Player projections are based off a three-year version of Game Score (which you can read about here) weighted by recency and repeatability and then translated to its approximate win value (Game Score Value Added or GSVA). Team strength was derived from the combined value of every player’s GSVA on a team. The season was then simulated 10,000 times factoring in team strength, opponent strength and rest.
BY DOMINIK LUSZCZYSZYN
The Boston Bruins have been on the outside of the playoff picture for two straight seasons and were unlucky to be there on both occasions. Third time’s the charm right?
There’s no question the Bruins have gotten weaker over the last couple of seasons, but this is still a very good team and in a questionable Atlantic division they should be more than capable of reaching the post-season.
They’ve still got Tuukka Rask in net, who should be able to bounce back from one of the worst campaigns of his career. If he doesn’t, Anton Khudobin at backup is a much safer bet than Jonas Gustavsson was last year.

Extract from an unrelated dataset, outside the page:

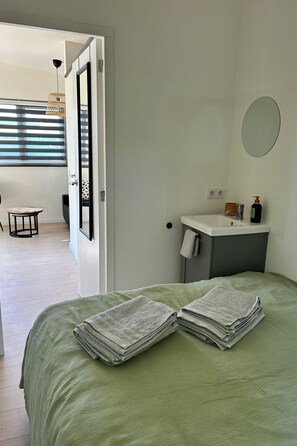 Internet - Winziges Sonnenhaus by Interhome (Heinkenszand)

Goaltending should be a strength for this team, but it may look worse than it actually is thanks to the D-corps in front of it. Much has been made about the deficiencies here, and while it’s the weakest link, this model doesn’t think it’s that bad. Zdeno Chara has seen better days, but he’s still a very capable D-man, while Torey Krug is extremely underrated for what he brings to the table offensively (though Game Score likely overrates his ability there). It’s the rest of the group that’s questionable, although 7th D-man Colin Miller looks very promising.
Up front is the Bruins biggest strength as they possess an extremely capable top nine group that mitigates any negative effects of their dreadful bottom line. The catalyst for any Bruins success comes from one of the league’s best duos: Patrice Bergeron and Brad Marchand. They’re the biggest reason the team is projected to finish this high as their combined value is among the largest in the league for a team’s top two forwards.
Almost every team represented on this list is a potential playoff team, with the strongest teams generally having stronger duos. That bodes extremely well for the Bruins whose pair is ranked pretty high. They clearly have the top flight talent to go up against any team in the league.
With Rask in net, decent depth at forward and a defense that might not be as bad as they seem, this team is simply too good to miss the playoffs for the third year in a row.